Eggs aren’t just for Easter. With this all-day Italian breakfast recipe you can enjoy the humble uovo all day – and all year – long…

All day italian breakfast stuffed potato recipe

Recipe, words and photo by Mario Matassa

This Italian breakfast recipe hails back to Mario Matassa’s childhood in Ireland, inspired by a humble but filling plate of bacon, egg, and chips.

Pancetta, parmesan, and creamy mozzarella add an Italian twist to this dish, which is easily enjoyed at any time of day. 

Served as stuffed potato skins, they are a tasty snack or light meal on their own, or make a lovely side dish for a slap-up brunch.
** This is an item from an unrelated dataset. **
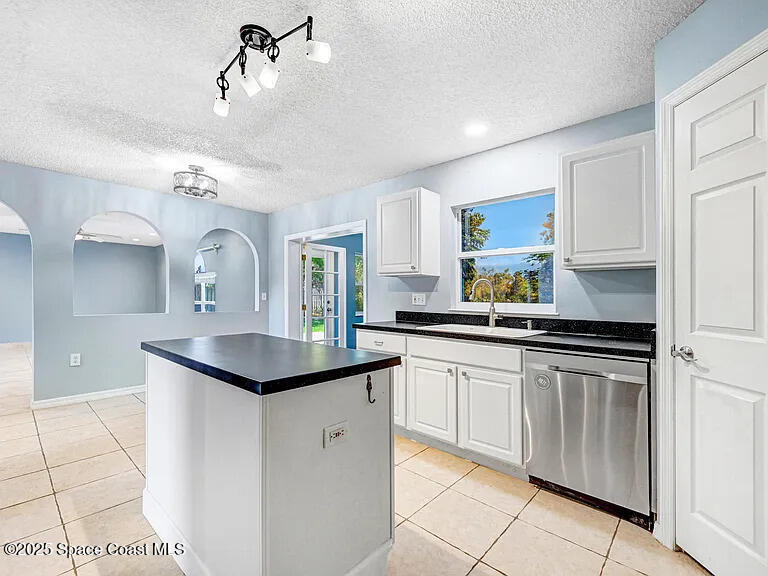 2240 Spring Creek Circle Palm Bay, FL 32905 - Photo 12 of 29 a kitchen with a sink stove and cabinets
All-day Italian breakfast | Tutto il giorno colazione

➤ SERVES: 4
➤ PREPARATION: 15 minutes
➤ COOKING: 1 hour

Ingredients:

  • 4 large baking potatoes
  • 100g chopped pancetta
  • 3 large free-range eggs
  • 100g grated parmesan
  • handful of chopped parsley
  • 2 mozzarella balls, chopped
  • extra-virgin olive oil
  • salt and pepper

Method:

  1. Wash the potatoes, prick each with a fork and boil in salted water for about 25-30 minutes, until they start to soften but are not quite cooked through.
  2. In the meantime, fry off the pancetta in a pan until crispy. In a bowl, beat the eggs along with the parmesan cheese. Once it has cooled, add the pancetta and the parsley.
  3. Drain the potatoes, cut them in half, and carefully scoop out the flesh, making a pocket. Allow the potato to cool for about five minutes while you heat the oven to 180ºC/Gas Mark 4.
  4. Roughly chop the potato flesh and mix into the eggs along with most of the mozzarella, leaving a little aside for topping.
  5. Place the potato skins onto a baking tray and sprinkle over a little salt. Spoon the mixture evenly into each potato. Finish topping with the remaining mozzarella, a little more salt and freshly ground black pepper and a drizzle of olive oil.
  6. Bake in the oven for about 15 minutes until cooked and golden. Serve with a final sprinkling of chopped parsley.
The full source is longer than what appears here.